Cinema feito por mulheres
Para o diretor artístico do festival, juntamente com filmes como o documentário de protesto ativista Espero tua (re)volta, de Eliza Capai, e A Febre, drama dirigido por Maya Werneck Da-Rin e estrelado por um ator indígena, Bacurau “apresenta uma imagem multifacetada dos conflitos, sonhos e pesadelos de uma sociedade”. “O cinema brasileiro não é um movimento nacional de resistência política que fala a uma só voz. É internacional, versátil e contraditório, mas, através de suas representações da sociedade brasileira, capta reflexões incríveis do presente e uma forte esperança para o futuro”, finaliza o sueco.
Mas a defesa do cinema brasileiro não é o único exemplo da importância sociocultural do Festival de Gotemburgo, ao qual, em média, comparecem anualmente cerca de 160 mil pessoas. Este ano, a metade dos filmes exibidos foram dirigidos por mulheres, parte da iniciativa “Visão 50/50”. A ideia é apresentar obras contemporâneas dirigidas sob a ótica feminina. Na abertura do festival, será exibido, pela primeira vez, Psychosis, dirigido por Maria Bäck, que leva às telas os traumas provocados por abuso sexual. Junto com a competição, haverá mostras dedicadas a filmes que apresentam diferentes graus de problemas enfrentados por mulheres em todo o mundo.
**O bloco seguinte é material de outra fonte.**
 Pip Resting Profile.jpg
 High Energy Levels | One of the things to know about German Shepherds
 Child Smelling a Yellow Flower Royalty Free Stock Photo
Em outro texto do site oficial, Holmberg diz que a mostra (Focus: Brazil) é uma homenagem a uma das culturas cinematográficas mais fascinantes do mundo. Ao longo desta semana, deverão ser anunciados os outros filmes brasileiros no festival. Entre os diretores internacionais com presença anunciada em Gotemburgo, estão os brasileiros Karim Aïniouz e Juliano Dornelles. Além das exibições de filmes, o festival oferece seminários, apresentações de música ao vivo e exposições de arte.